Key words: Gangs, injustice, US, Society, racial minorities, the police, federal, black Americans.
Introduction
For the longest time, the US has continued to pursue rigorous and aggressive drug eradication mechanists with an aim of curtailing the use, the supply, and the spread of harmful and illegal drugs. The cost- benefit analysis of these measures rather remains hotly contested seeing as the crimes continue to soar despite the unimaginable state budget allocation for the field. Sadly, the US has little to show for these efforts despite decades of significant effort. Indeed, Williams (2016, p.1), argues that, ‘it has destroyed lives, torn families apart, filled our jails and prisons and hijacked countless futures of black and brown youth’. Despite the stringent rules engaged following the fight, thousands of youths continue to succumb to deaths resulting from the use of heroine and opioud and this trend only threatens to maintain an upward spiral if nothing is done. Indeed, in a recent letter, world leaders like Bernie Sanders have urged the US government to put an end to the disastrous war. It recently comes to everyone’s attention that this ostensibly fought war is only waged against minority communities especially the black Americans.
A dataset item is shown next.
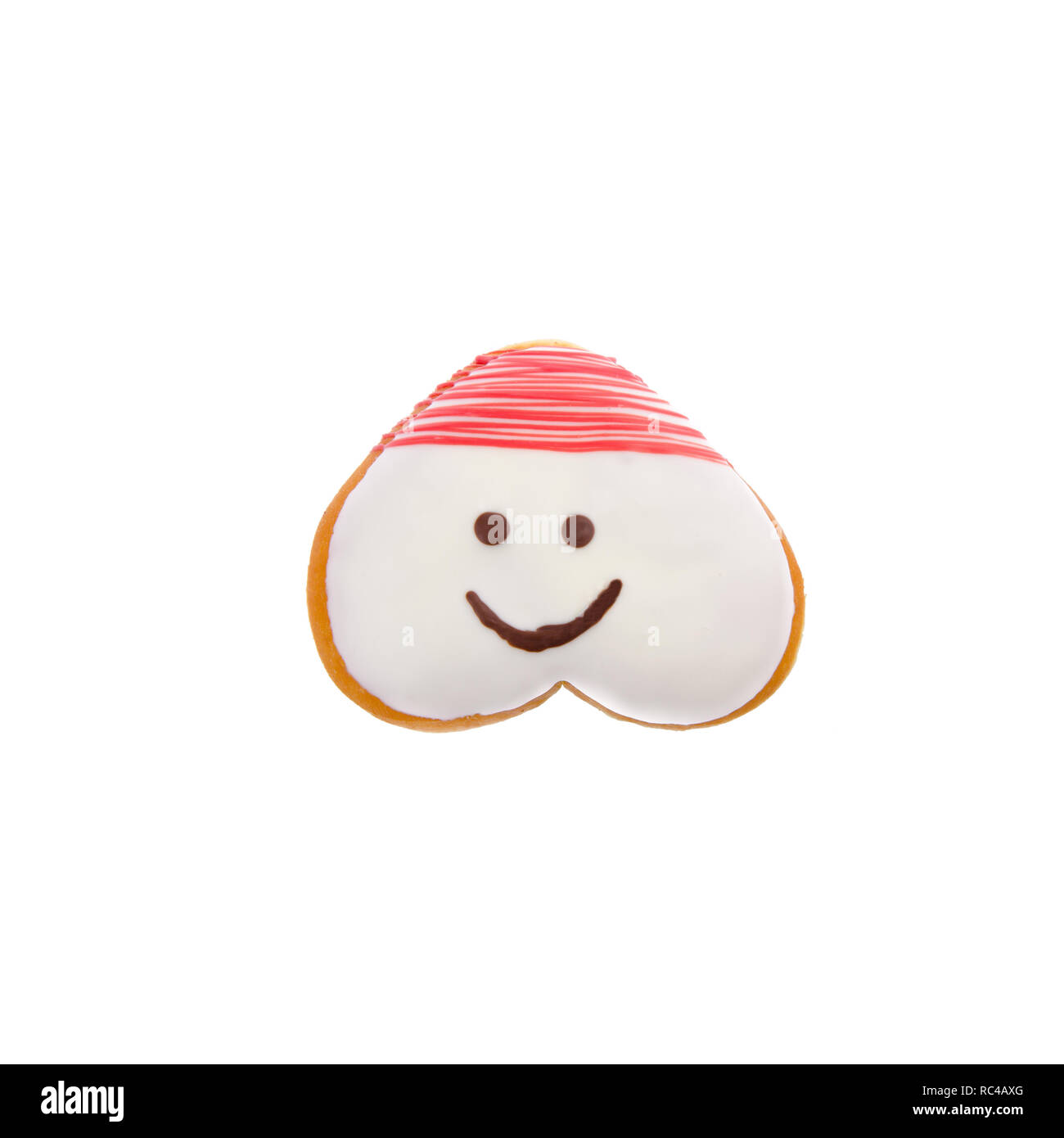 Donut or funny donut on a background Stock Photo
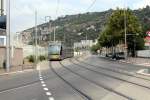 Nice / Nizza Lignes d'Azur SL T1 (Alstom Citadis-402 17) Boulevard Pierre Sémard / Boulevard Virgile Barel am 23.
A research by ACLU (2001, p1) concludes that, ‘we are incarcerating African-American men at a rate approximately four times the rate of incarceration of black men in South Africa under apartheid’. Relative to the black society’s few numbers in the community, they continue to face ruthless arrests, convictions, and uncalled-for incarcerations for these crimes. These trends continue to hike with the Attorney General, John Ashcroft, promising only to tighten and worsen the measures. The US government continues to create a social injustice by waging an unsuccessful war on racial minorities like the black Americans through forceful arrests, exaggerated convictions and jail sentences on the basis of saving them from crime and addiction therefore, to curb this grave injustice, it must set laws which partly legalize the substances and ensure fair prosecution.
Causes
Discriminatory acts
Police officers and other concerned individuals have been untroubled by this occurrence because they deem the acts as a racial cleansing aimed at protecting the culprits from addiction, crime, and violence. They embrace the tough-on-crime philosophies that they argue help solve the needs of the financially unstable urban people. While one would wonder how this strictness is an act of help, it is clear that the notion of blacks being of a notorious criminal nature guides them. It is no wonder that today; the jails are over flooded with Black American youths charged with petty crimes like possession, use, and local distribution. Just like their courts counterparts, the police have continued to use the same theory of ill intent to wrongly charge any suspected black American of an unquestionable character.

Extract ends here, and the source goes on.